* **What the task requires**: Repeat exactly, and only, the lines from the line bearing "#HolywoodTrust #fundingDGYP #DGYP" through the end of the material. Do not copy the pictures.

* **Records for this exercise**:
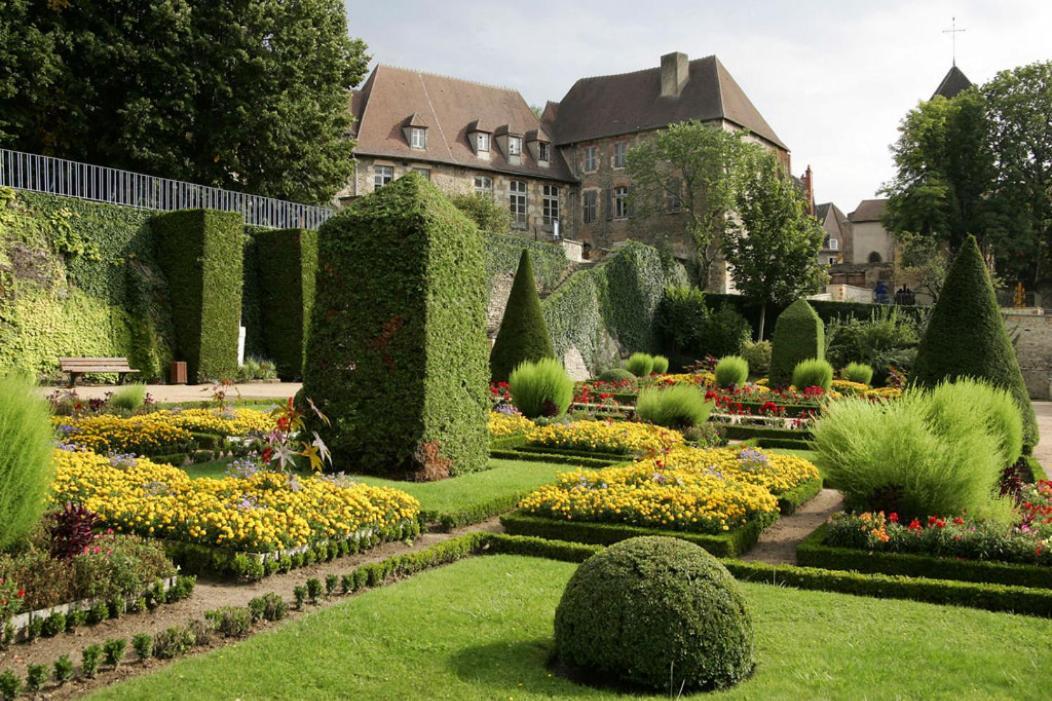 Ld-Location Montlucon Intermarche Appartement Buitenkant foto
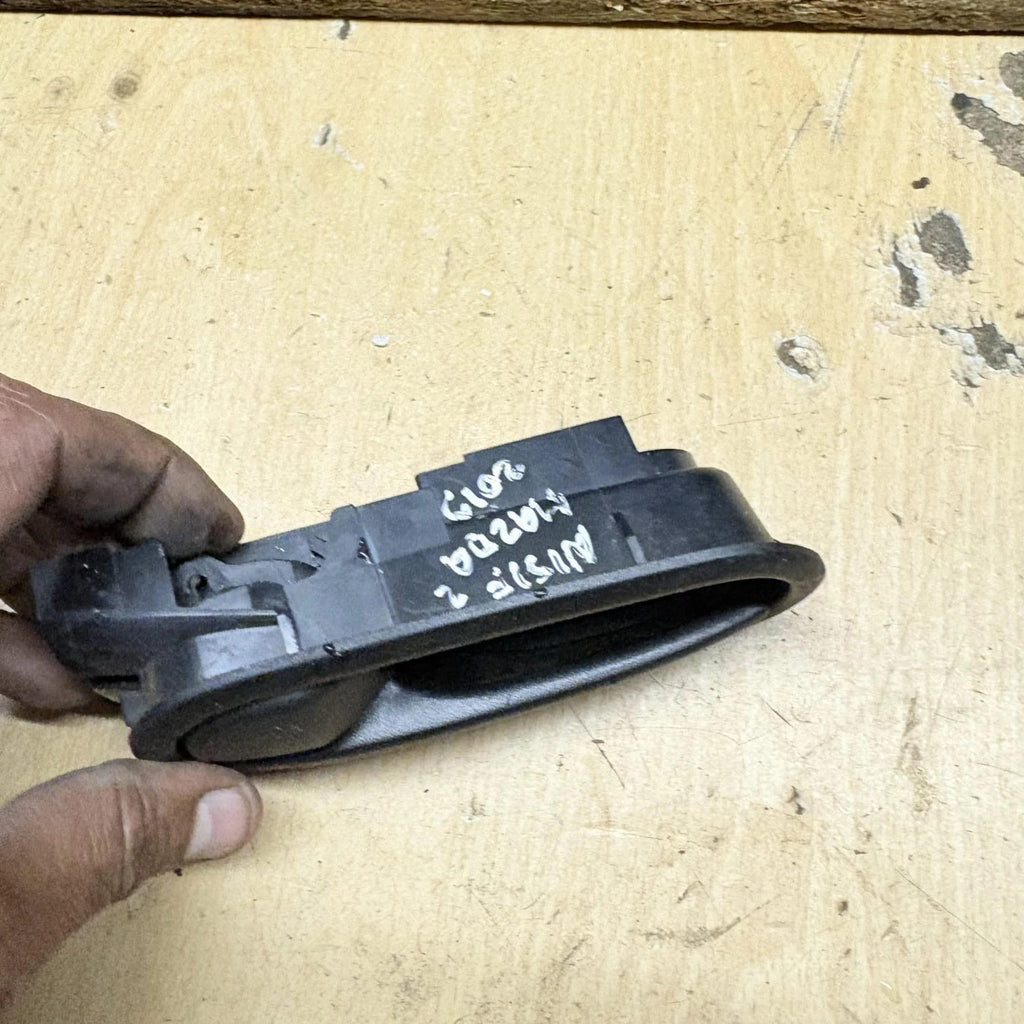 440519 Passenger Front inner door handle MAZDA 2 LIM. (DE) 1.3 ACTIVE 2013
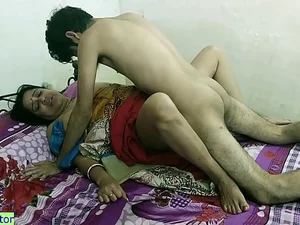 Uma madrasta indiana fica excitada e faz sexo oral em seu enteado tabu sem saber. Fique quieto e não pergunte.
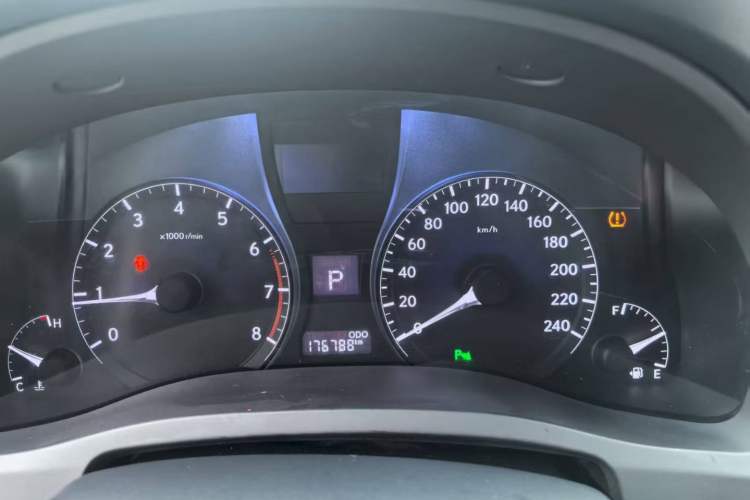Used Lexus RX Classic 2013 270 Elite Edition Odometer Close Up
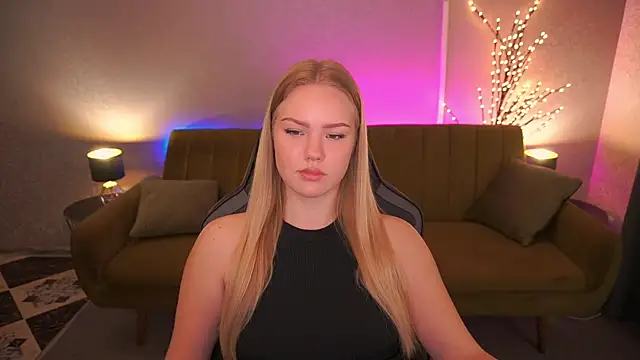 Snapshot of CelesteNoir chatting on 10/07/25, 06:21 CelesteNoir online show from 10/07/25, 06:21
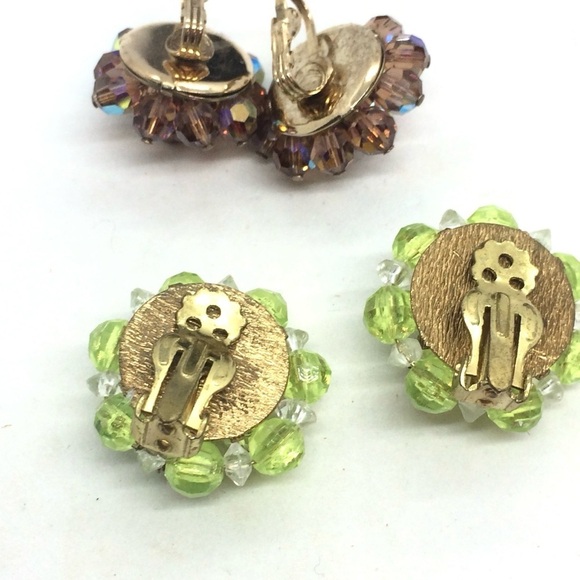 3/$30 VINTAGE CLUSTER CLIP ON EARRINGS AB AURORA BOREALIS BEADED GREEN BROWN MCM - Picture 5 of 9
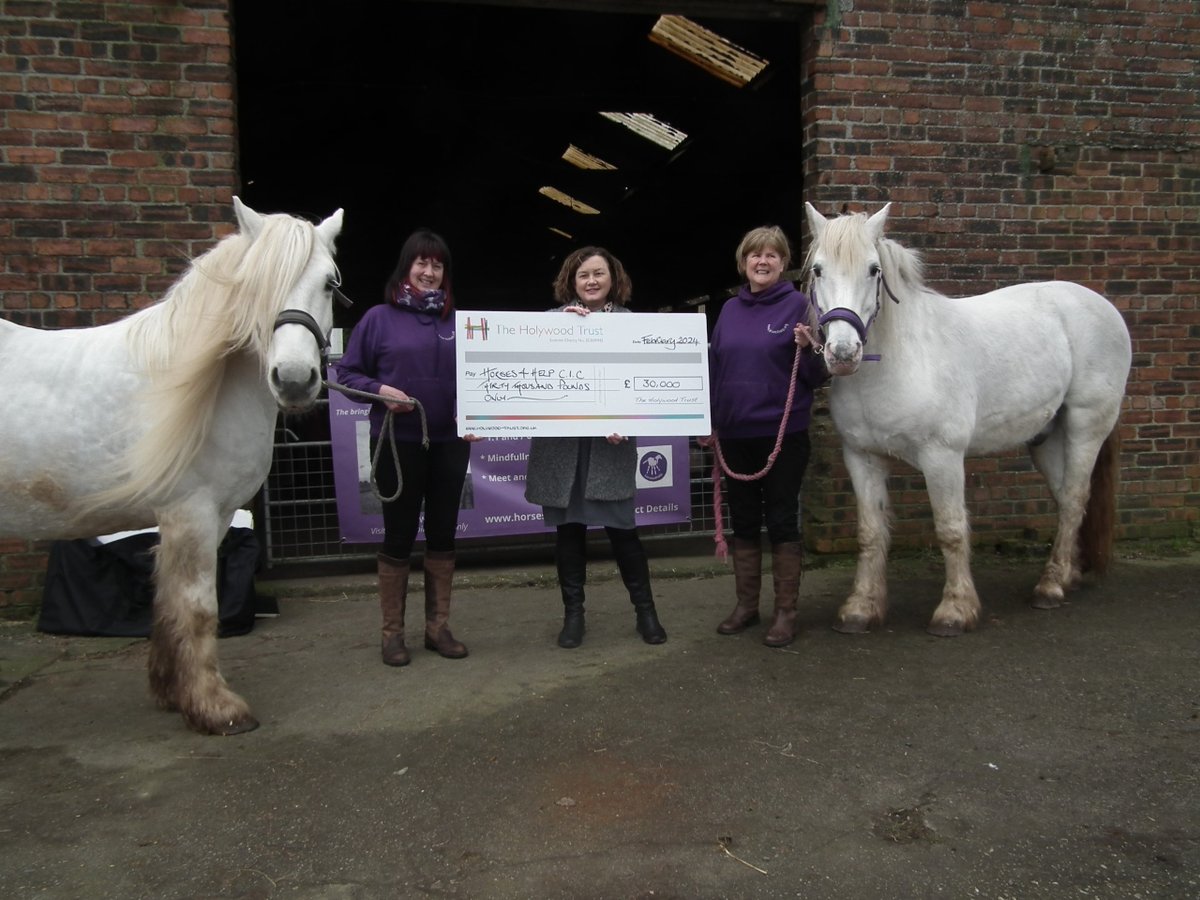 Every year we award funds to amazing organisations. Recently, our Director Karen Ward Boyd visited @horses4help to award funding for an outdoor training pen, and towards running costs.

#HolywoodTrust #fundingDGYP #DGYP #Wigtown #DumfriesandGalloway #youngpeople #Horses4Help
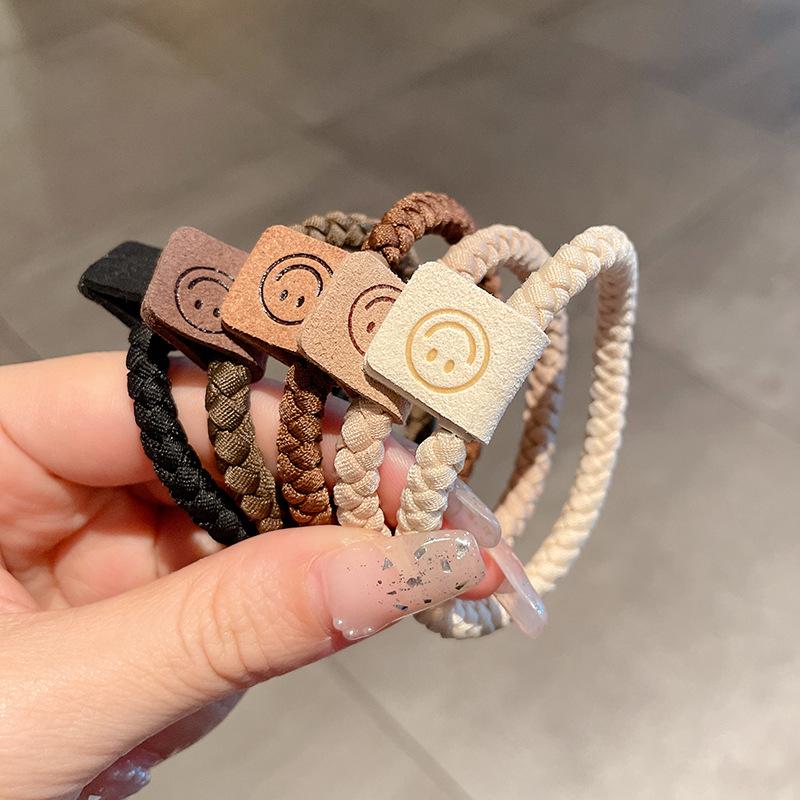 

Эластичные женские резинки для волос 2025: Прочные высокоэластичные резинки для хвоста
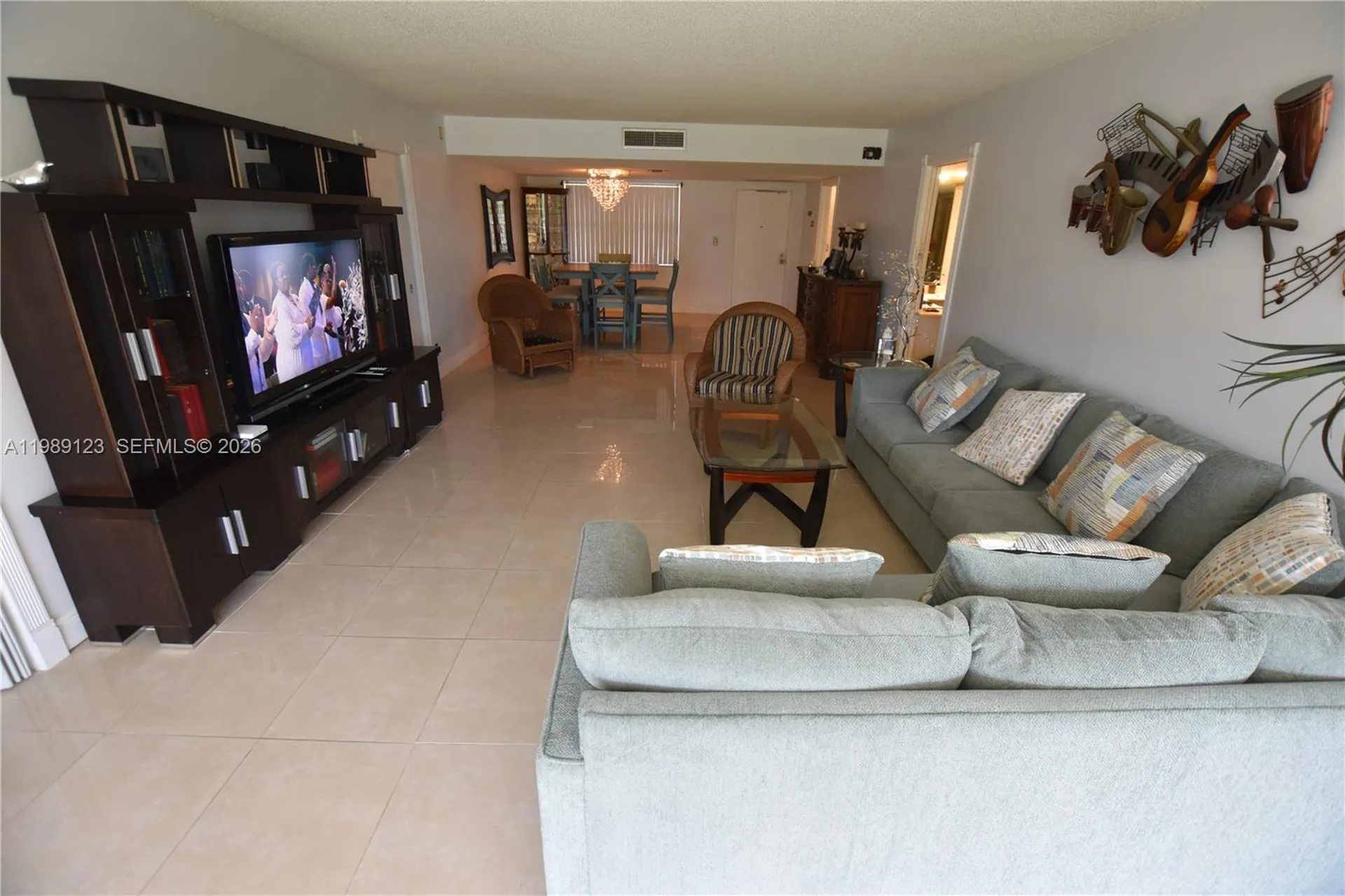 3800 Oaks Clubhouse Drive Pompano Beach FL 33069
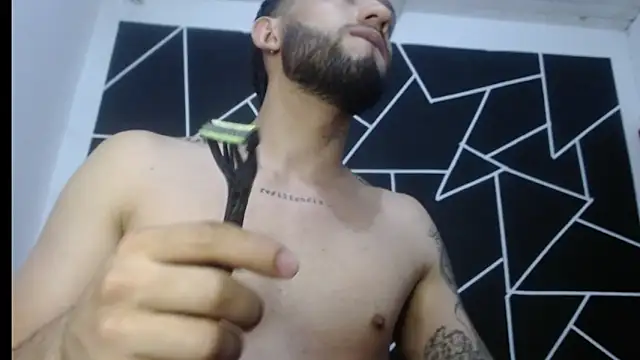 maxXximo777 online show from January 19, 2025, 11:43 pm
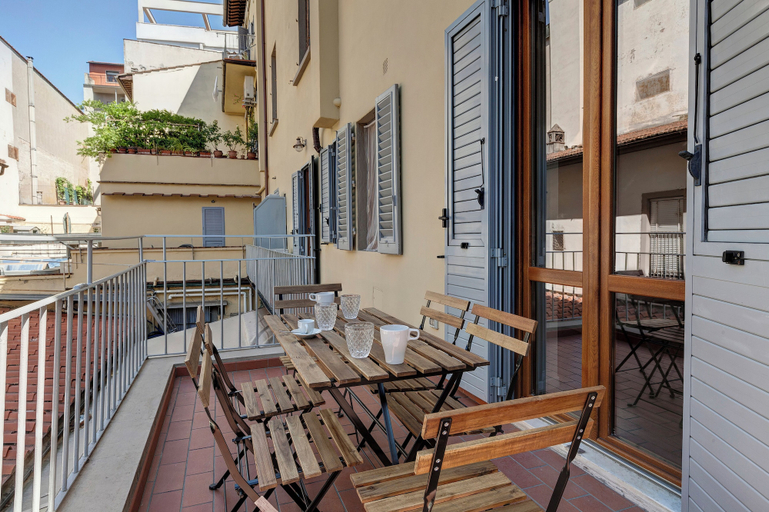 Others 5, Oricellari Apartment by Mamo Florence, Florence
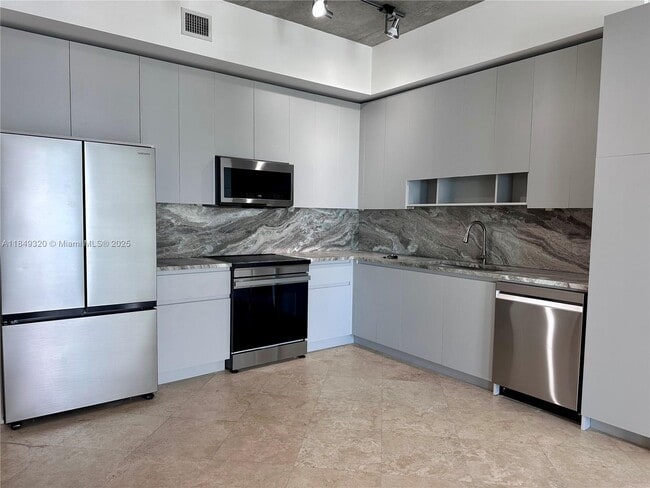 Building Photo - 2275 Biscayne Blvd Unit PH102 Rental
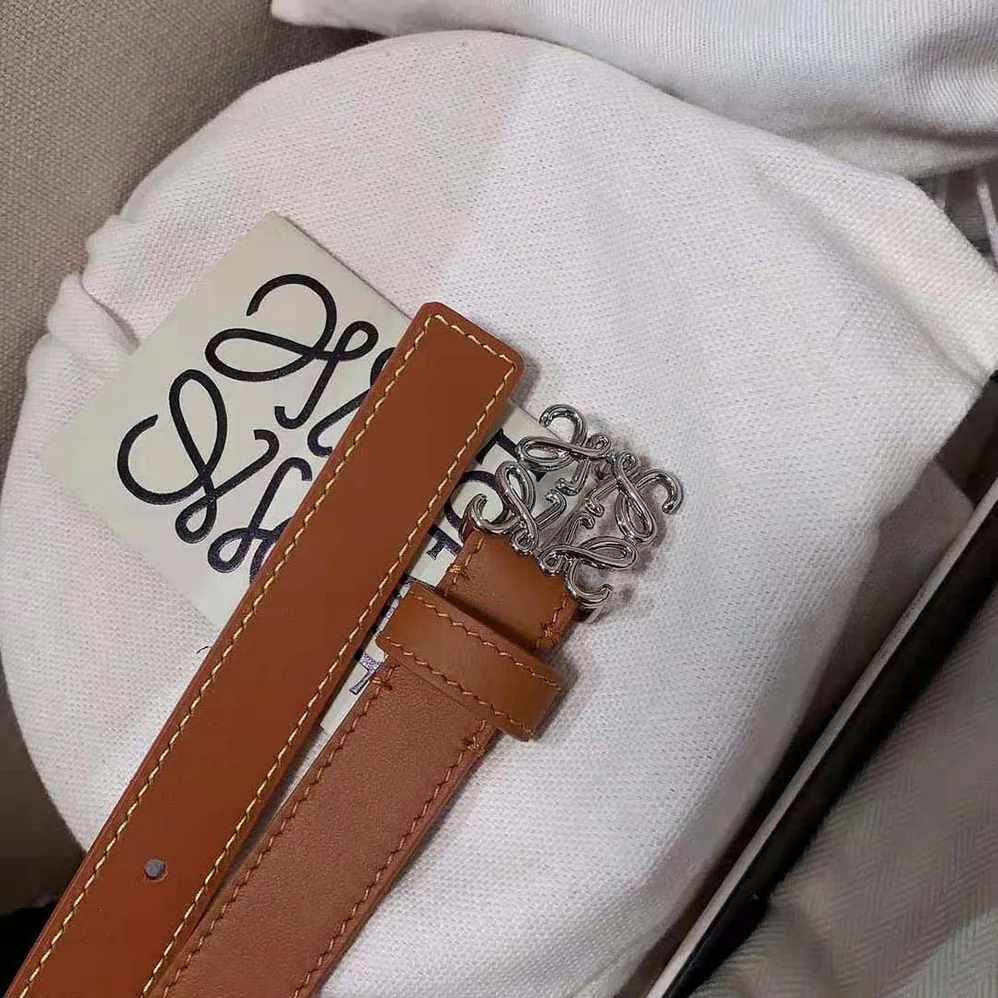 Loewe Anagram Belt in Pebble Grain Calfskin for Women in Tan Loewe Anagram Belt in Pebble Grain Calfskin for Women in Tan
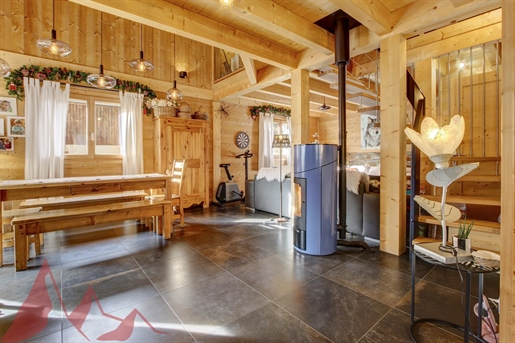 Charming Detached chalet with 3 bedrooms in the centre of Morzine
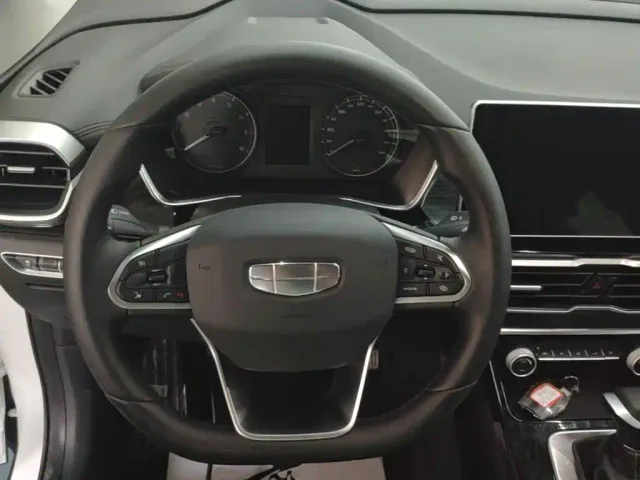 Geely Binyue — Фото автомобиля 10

* **Solution below**:
#HolywoodTrust #fundingDGYP #DGYP #Wigtown #DumfriesandGalloway #youngpeople #Horses4Help

Эластичные женские резинки для волос 2025: Прочные высокоэластичные резинки для хвоста
 3800 Oaks Clubhouse Drive Pompano Beach FL 33069
 maxXximo777 online show from January 19, 2025, 11:43 pm
 Others 5, Oricellari Apartment by Mamo Florence, Florence
 Building Photo - 2275 Biscayne Blvd Unit PH102 Rental
 Loewe Anagram Belt in Pebble Grain Calfskin for Women in Tan Loewe Anagram Belt in Pebble Grain Calfskin for Women in Tan
 Charming Detached chalet with 3 bedrooms in the centre of Morzine
 Geely Binyue — Фото автомобиля 10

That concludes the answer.